Information shown:
◇ ◇ ◇ ◇ ◇ ◇ ◇

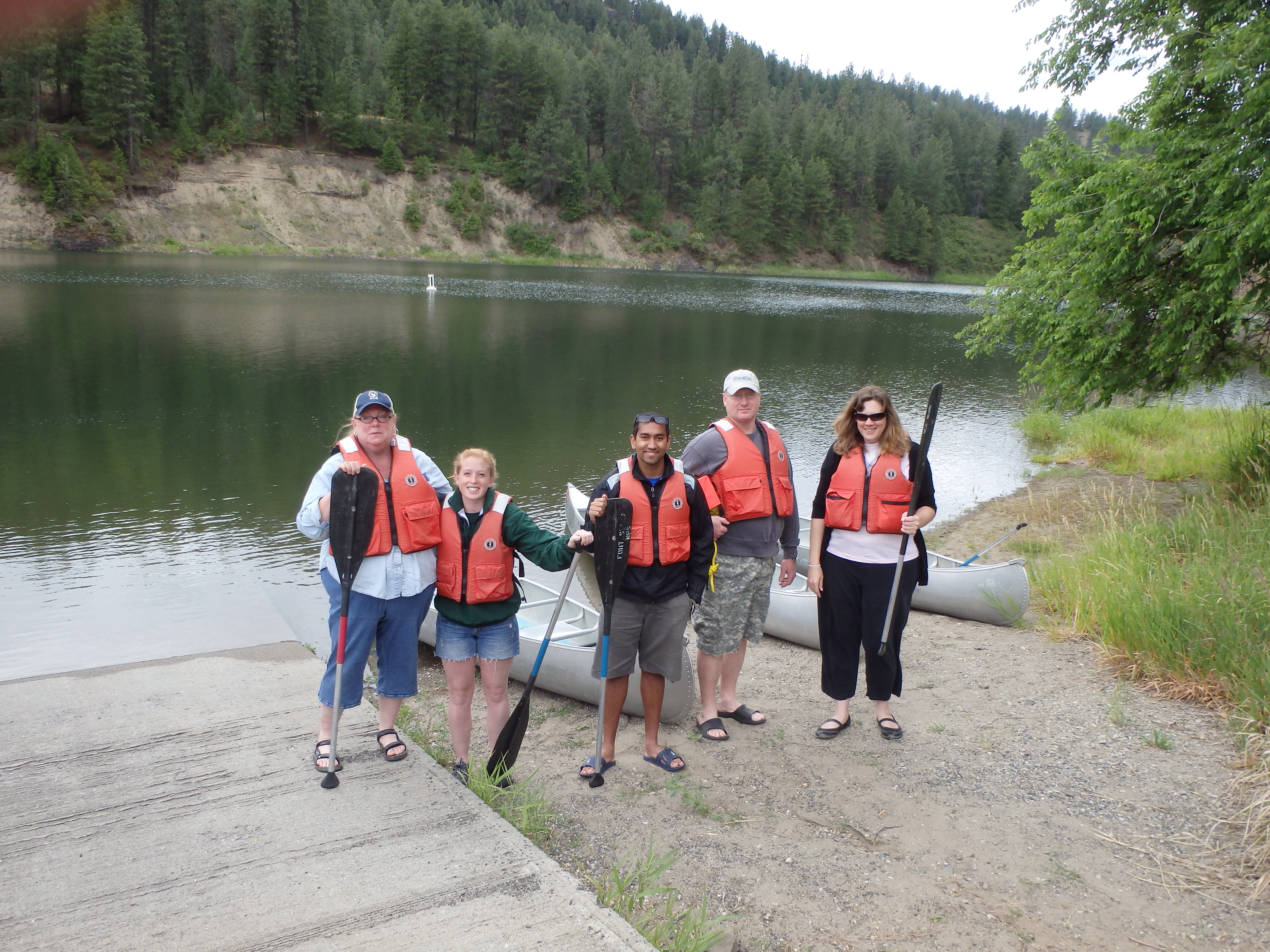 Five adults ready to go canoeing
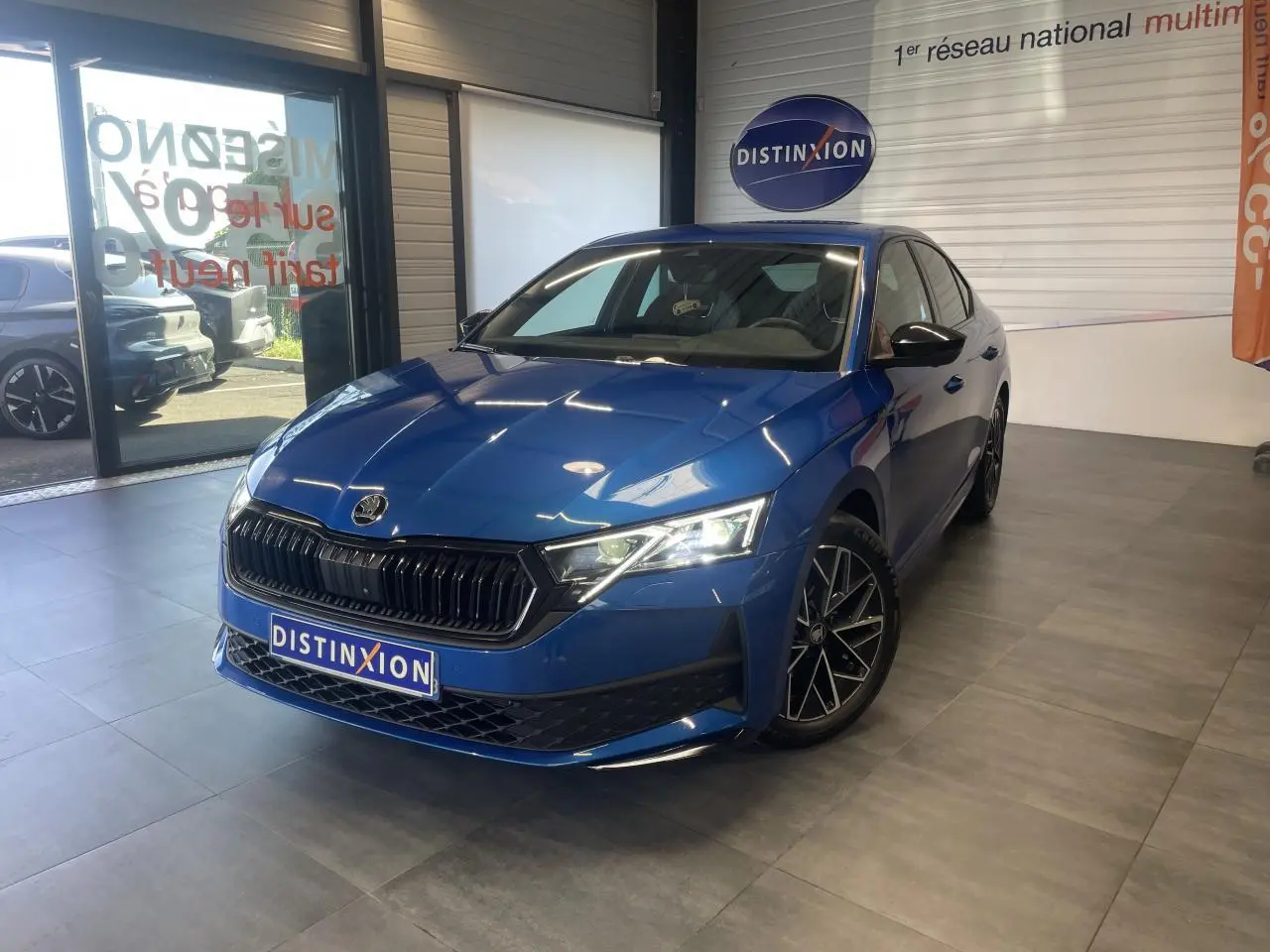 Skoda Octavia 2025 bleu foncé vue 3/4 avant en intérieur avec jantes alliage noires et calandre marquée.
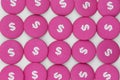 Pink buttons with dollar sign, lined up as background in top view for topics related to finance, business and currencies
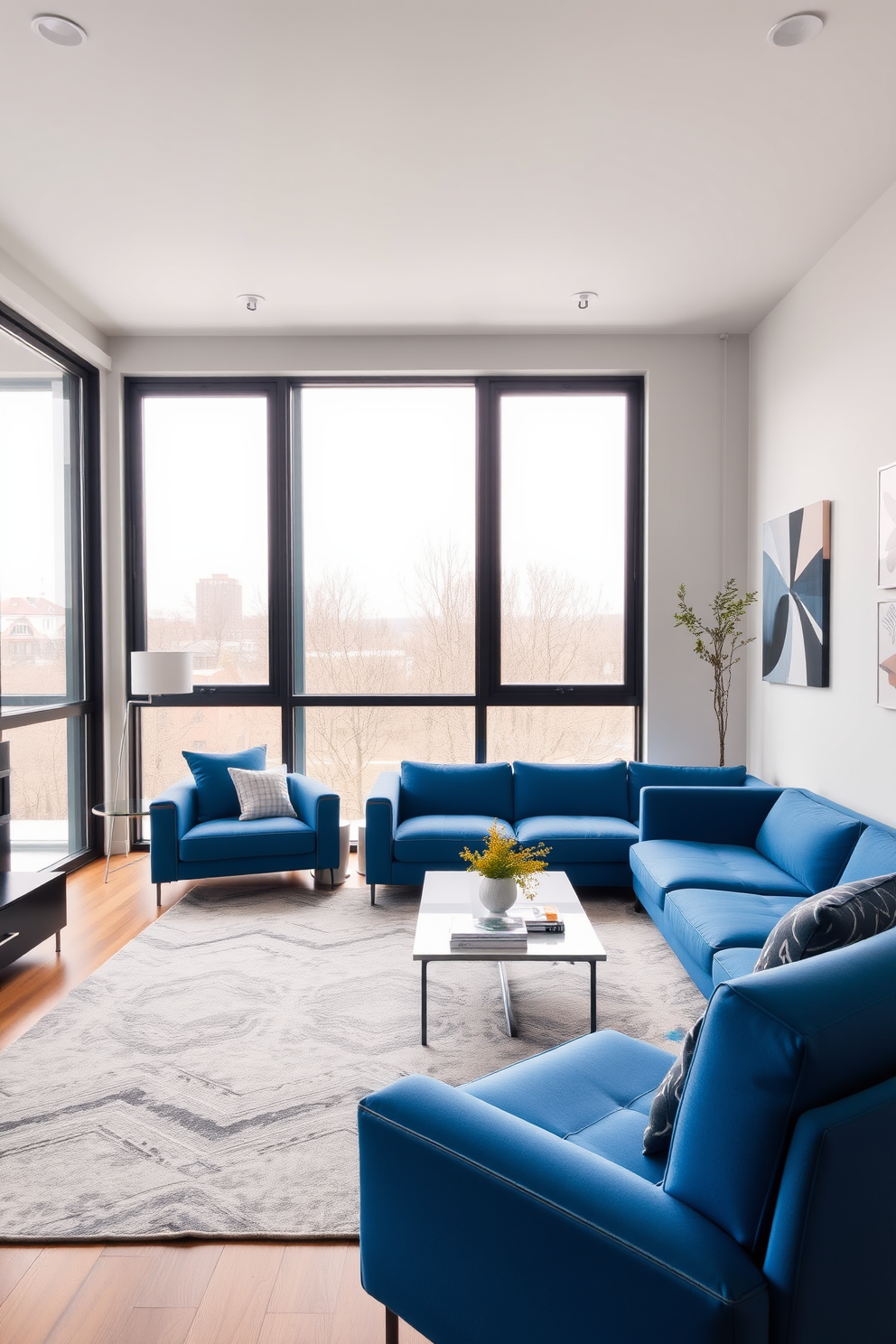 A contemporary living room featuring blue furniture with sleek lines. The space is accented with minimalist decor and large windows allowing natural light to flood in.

◇ ◇ ◇ ◇ ◇ ◇ ◇

What is required: Only the pictures stay behind; everything else in the data above is to be retyped exactly.

The answer:
 Five adults ready to go canoeing
 Skoda Octavia 2025 bleu foncé vue 3/4 avant en intérieur avec jantes alliage noires et calandre marquée.
 Pink buttons with dollar sign, lined up as background in top view for topics related to finance, business and currencies
 A contemporary living room featuring blue furniture with sleek lines. The space is accented with minimalist decor and large windows allowing natural light to flood in.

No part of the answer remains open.